Miles and hard-drives exist between us but there is a connection. The distance remains. Although this daylog--truncated now to "log"--is not a paean, it is about a person. Her moniker here is graceness. With relative ease I could find many more examples. I will not. Her list pretty much covers everything/everybody anyway, and besides, I could cite so many people that it would be irrevocably exhaustive and tediously boring. I will not. I want to explain a relationship that's changed from what it was, and remains valuable to me.
I have known Grace for about five years, and we are friends. I like to learn about her life. We are close and distant. We do not speak often. There is a connection. Normally this is where a person would say "I wish we would talk more," but that is not the case. In the last three years, we have contacted one another perhaps three times. Once a year. Not much of a friendship, you say? All things are not equal; often we would forget these friends. It's my way of assuring myself that everything is OK: graciepants is good, hubby and kids are good, everything is OK.
There's a respectful admiration there. That is a connection. She has a husband and kids. Read her writeups. That is a connection. I have a girlfriend and a kid. Those are connections. I've written about them. Knowing graceness (and certainly, many others here at E2) has enriched my life. It is a constant.
I do not remember the beginning. E2 has changed a great deal. I first ran into Grace when she'd commented on a writeup of mine, so I promptly read everything she has to offer you. I asked her what she would title a writeup I was working on. She outdid herself. Returning to E2 the first thing I noticed was how antique the interface looks. Many writeups later, we spent significant time playing Literati and idling in #everything. Then, the bar-raising began, and I was not frightened. One day some subconscious thing happened and I realized Grace was not around, and I wondered why. It turns out that she was not really enjoying her place of employment and was working a lot and could not find the virtual sort of relaxation time she needed. There were other things, other secrets not for your ears. A situation disallowed me from editing, so I gave up the post. I had not spoken to Grace in months. Of course, the world spins and we return to the beginning and now Grace and I talk quite frequently, even if it's a partially-awake "hummina" kind of sound.
People are stubborn about shoes, comfy ones that are sprung in all the right places, even if they're a uniform slate-gray with busted soles, and the great thing about old shoes is that there's no guilt about what you do to them and even when they're ugly and fucked beyond all possible redemption they're comfy and you need comfy. The sad day comes when it's time to get new shoes. Like empty match books or broken pens you keep old shoes, but they are security shoes now, so later you buy new shoes and in time they beoome old shoes. But you need to walk, so you always have shoes, or sandals maybe, or flip flops of some sort, or maybe Eeyore slippers that match your tattered bathrobe. Because you need to walk, and walk comfy. Every day you need to walk. Braving all sorts of elements.

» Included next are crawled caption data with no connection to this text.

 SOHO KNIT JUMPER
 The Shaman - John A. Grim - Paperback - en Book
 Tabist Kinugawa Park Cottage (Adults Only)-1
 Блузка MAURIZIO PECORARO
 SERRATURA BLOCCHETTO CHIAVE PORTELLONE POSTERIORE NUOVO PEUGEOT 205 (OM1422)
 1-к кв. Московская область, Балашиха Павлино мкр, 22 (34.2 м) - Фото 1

I don't know if that's a metaphor for E2 or not, or just a pointless anecdote in the midst of a ramble (I am almost certain it's just rambling), but continuity is what I'm talking about. My friendship with Grace has not changed despite considerable changes in my life and her life. I am not much different. That's what makes me stay. Being involved in the storytelling.
And I really hate to tell you this, because everyone is being quite good-natured about everything, shaking hands and going, ah, you said exactly what I have been thinking! This website you all come to is barely different from when I first arrived. That's six years ago, now. I cannot place value on that. It is not different, and if it is, it's only minor stuff. Oh, you say, standards are changed. Oh, you say, rules are in place. Oh, you say, everything is oh so hard. No. It isn't. Oh, you say, now they're wanting some sort of standard of quality? Well.

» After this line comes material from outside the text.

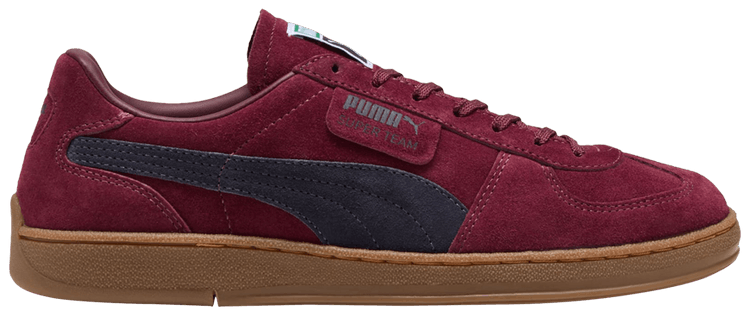 Puma Super Team Ruby Shimmer New Navy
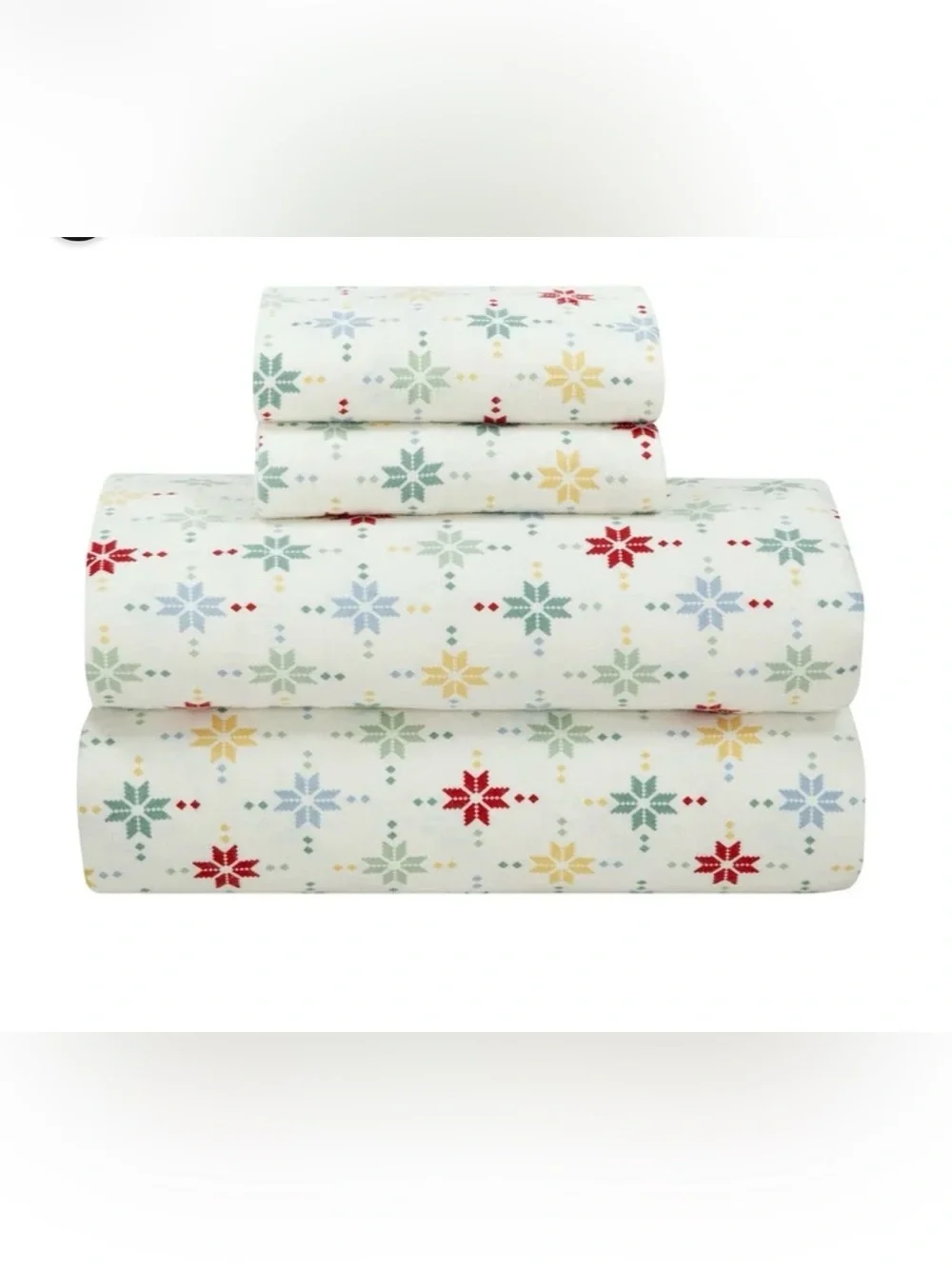 NWT Full Flannel Set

You wake up, have an idea, and tell me about it. Not all these other guys: tell me your stories. I want to know. Tell me about that corner store by your house, and the crazy guy outside with the methamphetamine voice and the pricey stolen books he wants to sell you. Tell me! That's all you have to do, man. It's writing, you're not climbing Everest. (But hang on a sec, maybe you are. If you're going to climb Mount Everest, I would like to know everything about that, please. Awesome stories in strange places are okay by me.) The "administration" hasn't changed. They will still point you in the right direction if you don't know what you're doing. Editors and gods should be the least of your concerns, villain. Write me something. Write me something I can understand and nod to or giggle at or shake my fist at in mute appeal to all gods. Give me something to hate. Or love. So, please. Please write more. Thank you.